There is no direct Russian equivalent for English *a challenge / to challenge*.


----------



## einy

То есть, "вы вовсе не поразили меня своими проницательным догадками обо мне, и вызова вашего я не боюсь!"  ?


----------



## rusita preciosa

If you want to keep the meaning of "suddenly", then *и вашего внезапного вызова я не боюсь* (although *suddenly* there refers to the fact of being challenged, not the challenge itself).


----------



## morzh

Another possibility:

"*И Ваш вызов меня не ошеломил*".


----------



## englishman

einy said:


> *Laura:* Sorry. Wrong line. I am not taken aback by your keen insight and suddenly challenged by you.



To my native ears, this is a strange sentence. It's grammatically awkward (there is, at the least, a missing "not") and the intended meaning of "challenged" is not entirely clear. I would guess it means something like:

".. and I don't suddenly find you threatening."
".. and I don't suddenly find myself in awe of you."


----------



## Rosett

По-моему, значение задирать, приставать с определенными намерениями.


----------



## rusita preciosa

Rosett said:


> По-моему, значение задирать, приставать с определенными намерениями.


No it's not


----------



## Rosett

rusita preciosa said:


> No it's not


Тогда -заигрывать.


----------



## morzh

Rosett said:


> Тогда -заигрывать.




Do you have to keep guessing? There is a dictionary for that, actually.


----------



## Rosett

morzh said:


> Do you have to keep guessing? There is a dictionary for that, actually.


И что вы там нашли?


----------



## morzh

Well, I can certainly tell you what I have NOT found in there. It is "I feel challenged" in the sense of "sexual advances".


----------



## einy

Ladies and Gentlemen,

Although English is not among the most complex languages, somtimes it can be a real problem for a non-native speaker. Below are the translatons of "to challenge" found in Google (I omited some):


 оспаривать,
бросать вызов
вызывать
требовать
подвергать сомнению
возражать
сомневаться
отрицать
давать отвод
окликать
показывать опознавательные сигналы
And almost every variant fits somehow. I believe there are also a few informal (slang) translations, e.g. meaning something like "sexual harrasment" as well.

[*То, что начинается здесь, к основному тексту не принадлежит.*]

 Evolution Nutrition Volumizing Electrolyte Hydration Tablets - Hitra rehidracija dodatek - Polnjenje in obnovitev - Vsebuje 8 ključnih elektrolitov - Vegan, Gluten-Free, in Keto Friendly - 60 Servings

Three people gave three different guesses on the translation, and even a native speaker was unsure of the meaning - I think that this is the prove that the phrase is not that simple and we cannot be happy using just the dictionary here.


----------



## morzh

einy said:


> Ladies and Gentlemen,
> 
> Although English is not among the most complex languages, somtimes it can be a real problem for a non-native speaker. Below are the translatons of "to challenge" found in Google (I omited some):
> 
> 
> оспаривать,
> бросать вызов
> вызывать
> требовать
> подвергать сомнению
> возражать
> сомневаться
> отрицать
> давать отвод
> окликать
> показывать опознавательные сигналы
> And almost every variant fits somehow. I believe there are also a few informal (slang) translations, e.g. meaning something like "sexual harrasment" as well.
> 
> Three people gave three different guesses on the translation, and even a native speaker was unsure of the meaning - I think that this is the prove that the phrase is not that simple and we cannot be happy using just the dictionary here.




I am not sure if you saw the movie "en original", but If you did, you probably would not write that.

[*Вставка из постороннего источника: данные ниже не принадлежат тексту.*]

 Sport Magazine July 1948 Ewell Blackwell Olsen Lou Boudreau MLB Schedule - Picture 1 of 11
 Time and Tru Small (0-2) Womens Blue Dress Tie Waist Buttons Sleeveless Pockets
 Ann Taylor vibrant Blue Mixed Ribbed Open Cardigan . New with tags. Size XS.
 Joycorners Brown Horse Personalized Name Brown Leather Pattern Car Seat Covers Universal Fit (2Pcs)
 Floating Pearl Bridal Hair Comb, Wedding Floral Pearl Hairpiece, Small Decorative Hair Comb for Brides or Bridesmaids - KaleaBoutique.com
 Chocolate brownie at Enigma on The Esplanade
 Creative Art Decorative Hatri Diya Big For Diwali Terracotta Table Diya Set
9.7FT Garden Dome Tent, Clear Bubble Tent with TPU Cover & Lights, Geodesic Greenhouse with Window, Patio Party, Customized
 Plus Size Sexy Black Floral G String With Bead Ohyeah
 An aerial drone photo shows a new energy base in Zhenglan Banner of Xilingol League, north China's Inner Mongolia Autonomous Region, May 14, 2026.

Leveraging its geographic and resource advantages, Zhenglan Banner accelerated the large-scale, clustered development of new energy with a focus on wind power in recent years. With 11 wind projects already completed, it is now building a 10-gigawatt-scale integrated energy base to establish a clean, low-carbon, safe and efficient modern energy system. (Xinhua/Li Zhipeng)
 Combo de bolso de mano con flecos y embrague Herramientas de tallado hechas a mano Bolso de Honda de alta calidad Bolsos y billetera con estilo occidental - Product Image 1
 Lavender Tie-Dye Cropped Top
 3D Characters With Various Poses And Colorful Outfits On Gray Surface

The meaning may be construed.....slightly. But The native speaker never indicated he did not understand it, or that he actually considered every single one of those 11 meanings you've listed.

It is not as complex as some here try to make it. It is, as a matter of fact, quite simple. Even though I concede, as Englishman said, the phrase is awkward. Well, there are awkward phrases that nevertheless are perfectly clear, when one needs to understand them.

You just had to see and hear Michelle Pfeiffer saying it. I did. In the context, and given Jack Nicholson presence, I did not have any doubts as to the meaning of it.


----------



## rusita preciosa

einy said:


> Ladies and Gentlemen,
> 
> Although English is not among the most complex languages, somtimes it can be a real problem for a non-native speaker. Below are the translatons of "to challenge" found in Google



That's what the *context* is for: to understand which option out of many fits the situation.
 
P.S. You may ask on English Only, but I really can't imagine a context (including slang) where *challenge* would mean sexual harassment.


----------



## morzh

rusita preciosa said:


> P.S. You may ask on English Only, but I really can't imagine a context (including slang) where *challenge* would mean sexual harassment.



Me neither.

(That is, of course, in the US, according to the world's opinion of us, everything can be construed as sexual harassment  )


----------



## morzh

My take on this scene (again, given the pre-history, the character of Nicholson, the demeanor and the looks of Pfeiffer) is this:

As "challenge" may mean "a person has been challenged to self-re-evaluate herself, to take a deeper look at herself, in view of what's been said", Laura tells Will that "No, your keen insight did not bring me to suddenly take a "deep look in my own soul", and to re-evaluate myself; and in this psychological game you haven't won".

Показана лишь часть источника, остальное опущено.